We start with a sequence of source taxonomies S1, S2, ..., Sn, ordered by priority.
Priority is the means by which conflicts between sources are resolved, and therefore
has a profound effect on the outcome of assembly. If a curator judges S to be more
accurate or otherwise "better" than S', then S will occur earlier in the priority
sequence than S' and its information supersedes that from later sources. Curators
(either project personnel or participants in Open Tree workshops and online forums)
determine priority based on their taxonomic expertise. Source taxonomies are sometimes
split into pieces in order to establish different priorities for different parts.
Priority choice by curator is a fragile and subjective aspect of the method, but we
could not identify any other information available at scale that could be brought
to bear on conflict resolution.
We define an operator for combining taxonomies pairwise, written schematically as
U = S + S', and apply it from left to right:
U0 = empty, U1 = U0 + S1, U2 = U1 + S2, U3 = U2 + S3...

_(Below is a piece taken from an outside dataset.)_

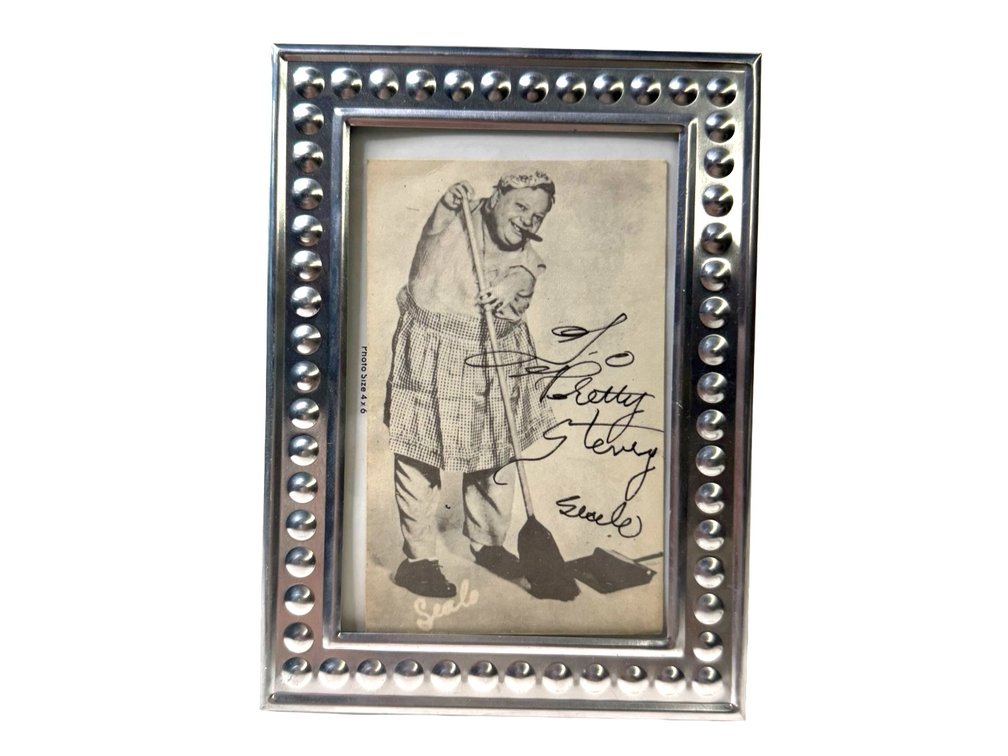 Sealo Autographed Pitch Card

The combination S + S' is formed in two steps:
A mapping or alignment step that identifies all nodes in S' that can be equated with
nodes in S. There will often be nodes in S' that cannot be aligned to S.
A merge step that creates the combination U = S + S', by adding to S the unaligned
taxa from S'. The attachment position of unaligned nodes from step 1 is determined
from nearby aligned nodes, either as a graft or an insertion.
Examples of these two cases are given in Figure 2.
As a simple example, consider a genus represented in both taxonomies, but containing
different species in the two:
S = (b,c,d)a, S' = (c,d,e)a
S and S' each have four nodes. Suppose c, d, and a in S' are aligned to c, d, and
a in S. The only unaligned node is e, which is a sibling of c and d and therefore
grafted as a child of a. After the merge step, we have:
S + S' = (b,c,d,e)a
One might call this merge heuristic 'my sibling's sibling is my sibling' or 'transitivity
of siblinghood'.
This is a very common pattern. Fig. 2 illustrates a real life-example when combining
the genus
Bufo
across NCBI and GBIF. There are about 900,000 similar simple grafting events in the
assembly of OTT.
The other merge method is an insertion, where the unaligned node has descendants that
are in S. This always occurs when S' has greater resolution than S. For example, see
Fig. 2, where WoRMS provides greater resolution than NCBI.
The vast majority of alignment and merge situations are simple, similar to the examples
shown in Fig. 2. However, even a small fraction of special cases can add up to thousands
when the total number of alignments and merges measures in the millions, so we have
worked to develop heuristics that handle the most common special cases. Ambiguities
caused by homonym name-strings create most of the difficulties, with inconsistent
or unclear higher taxon membership creating the rest. The development of the assembly
process described here has been a driven by trial and error - finding cases that fail
and then adding or modifying alignment heuristics and other logic to address the underlying
cause. Because the sources are noisy and inconsistent, any automated assembly process
will make mistakes. To prevent or correct these mistakes, manual ad hoc adjustments
are applied as needed, as a last resort. The goal in method development is to keep
the number of needed adjustments small.
Taxonomic sources
We build the taxonomy from ten sources. Some of these sources are from taxonomy projects,
while others were manually assembled based on recent publications. As described above,
OTT assembly is dependent on the input order of the sources - higher ranked inputs
take priority over lower ranked inputs. Table 1 lists the sources used to construct
OTT. The full provenance details, and a copy of the normalized source, are available
in supplementary data.
Open Tree curation : It is not uncommon to have taxa as OTUs in phylogenetic studies
that do not occur in OTT. This can be due to a delay in curation by the source taxonomy,
a delay in importing a fresh source version into OTT, a morphological study containing
otherwise unknown species, or other causes. To handle this situation, we developed
a user interface that allows curators to create new taxon records along with relevant
documentation (publications, databases, and so on). New taxon records are saved into
a public GitHub repository, and these records are then linked from the OTT taxonomy
files and user interfaces so that provenance is always available.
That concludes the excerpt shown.